Segment Open
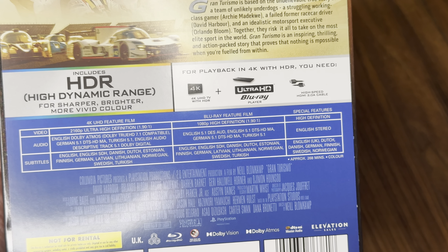Let's look at the spine — nice and clean, just the Columbia logo at the bottom, Gran Turismo in the middle. Let's have a look at the back and I'll zoom in on this for you. There's a look at the special features with Blu-ray exclusives.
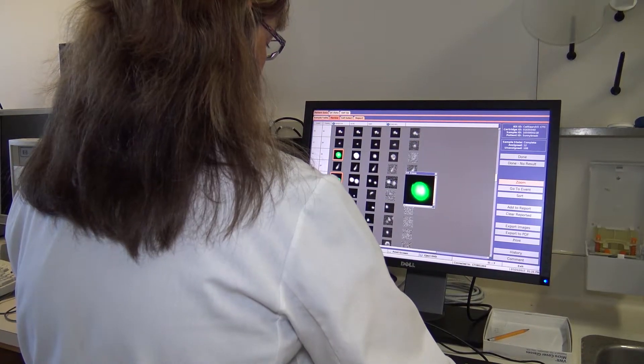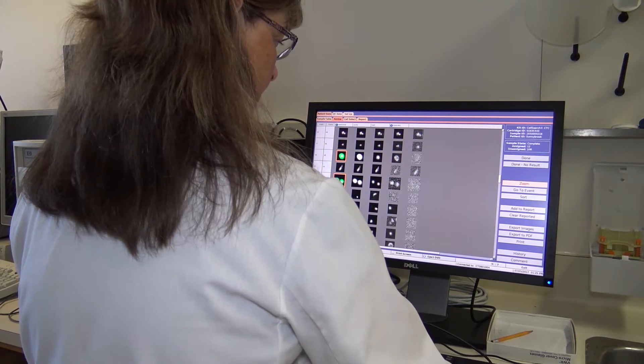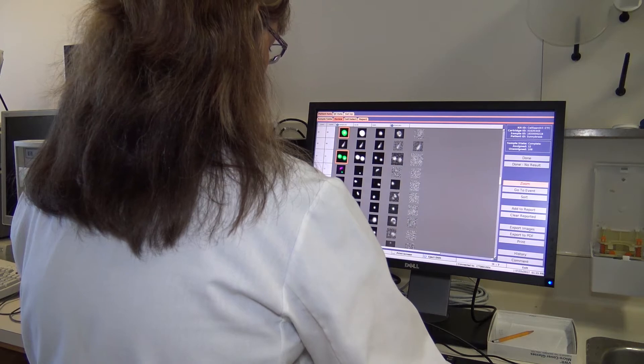We now offer it here at the London Health Sciences Centre as a test that a patient or a physician can request as part of their treatment for metastatic disease.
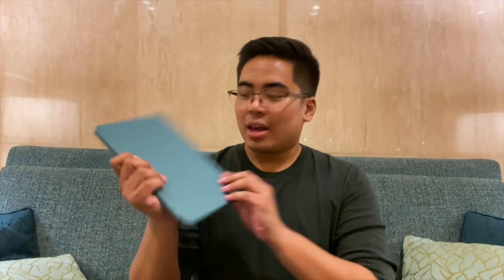Hey guys, this is Jam of JamOnline.ph and today we got here the brand new tablet from Huawei — the Huawei MatePad Pro 5G. So yes, we got 5G in here and yes, it is the flagship tablet of Huawei.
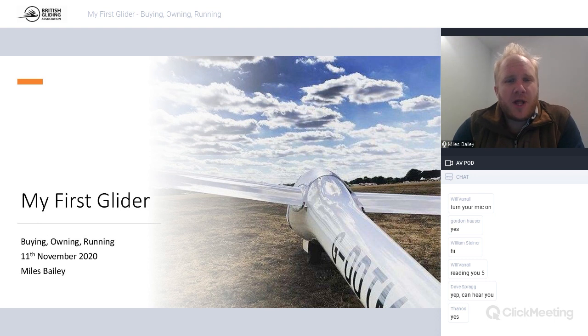Good evening and welcome to my first webinar for the BGA and UK Junior Gliding. This was originally put together for UK Junior Gliding, but it's morphed a little bit into one of the BGA series - probably my own fault. So this is on buying, owning, and running your first aeroplane.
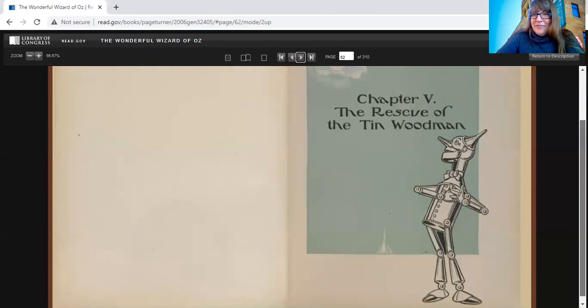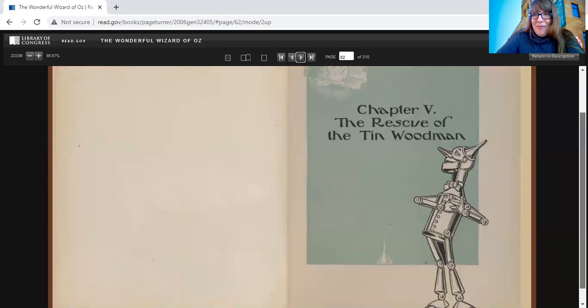All right, we're going to end here for today, and next time we will pick up with Chapter 5 where we will meet the Tin Woodmen. All right, friends, thanks for joining me. We'll see you next time. Thanks. Bye-bye.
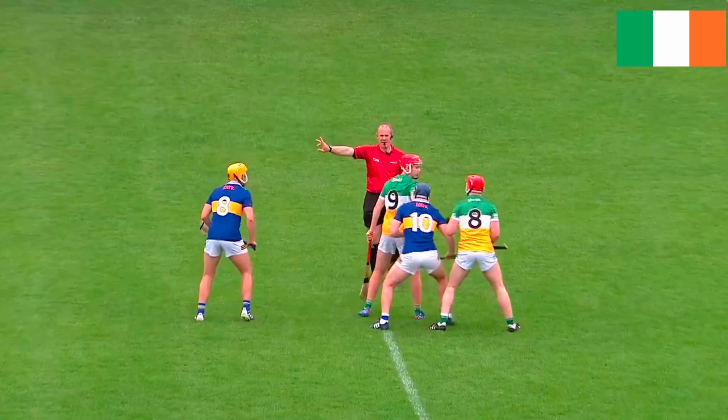Matches consist of two 35-minute halves between two teams of 15 players — fourteen outfield, one goalkeeper. We'll get to that later.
Segment Closed
Task brief: Reproduce word for word the lines from the line holding "Hey guys, this" through the last line of the material above, inclusive, and keep pictures out of it.

Exercise answer:
Hey guys, this is Jam of JamOnline.ph and today we got here the brand new tablet from Huawei — the Huawei MatePad Pro 5G. So yes, we got 5G in here and yes, it is the flagship tablet of Huawei.
Good evening and welcome to my first webinar for the BGA and UK Junior Gliding. This was originally put together for UK Junior Gliding, but it's morphed a little bit into one of the BGA series - probably my own fault. So this is on buying, owning, and running your first aeroplane.
All right, we're going to end here for today, and next time we will pick up with Chapter 5 where we will meet the Tin Woodmen. All right, friends, thanks for joining me. We'll see you next time. Thanks. Bye-bye.
Matches consist of two 35-minute halves between two teams of 15 players — fourteen outfield, one goalkeeper. We'll get to that later.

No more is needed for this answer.